EXERCISE DESCRIPTION: Set down the data below exactly; pictures stay out.

(DATASET EXCERPT Opens)

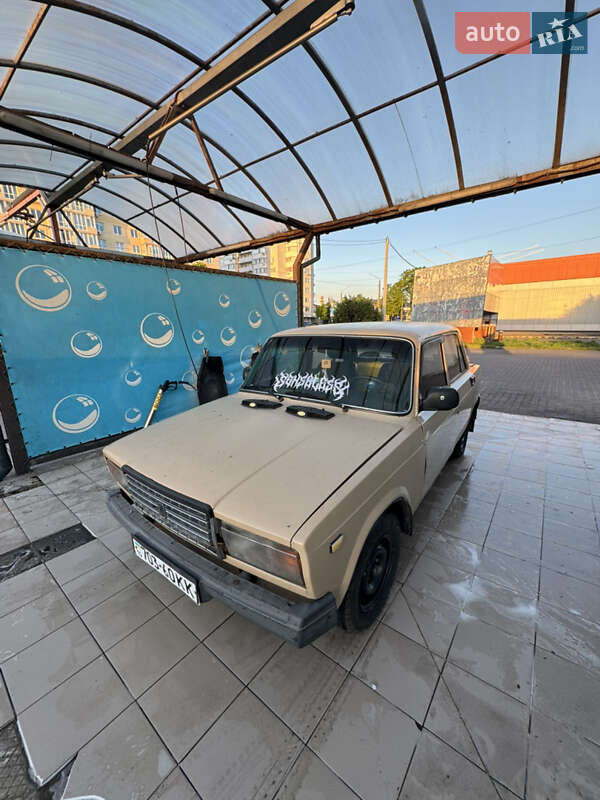 Седан ВАЗ / Lada 2107 1984 в Борисполі фото 18 Седан ВАЗ / Lada 2107 1984 в Борисполі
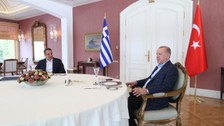 Cumhurbaşkanı Erdoğan Yunanistan ziyareti öncesi Kathimerini'ye konuştu! Bizi tehdit etmezlerse biz de etmeyiz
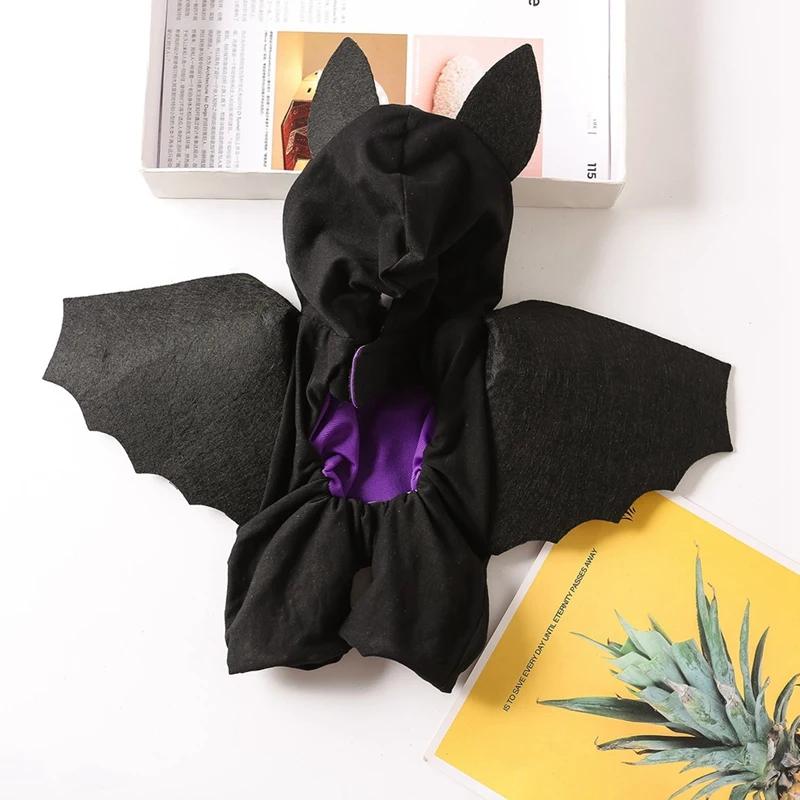 Halloween Dog Bat Costume Small Medium Large Dogs XL Pet Clothes Fun Animal Themed Fashion for Canines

(DATASET EXCERPT Closes)

OUTPUT OF THE TASK:
 Седан ВАЗ / Lada 2107 1984 в Борисполі фото 18 Седан ВАЗ / Lada 2107 1984 в Борисполі
 Cumhurbaşkanı Erdoğan Yunanistan ziyareti öncesi Kathimerini'ye konuştu! Bizi tehdit etmezlerse biz de etmeyiz
 Halloween Dog Bat Costume Small Medium Large Dogs XL Pet Clothes Fun Animal Themed Fashion for Canines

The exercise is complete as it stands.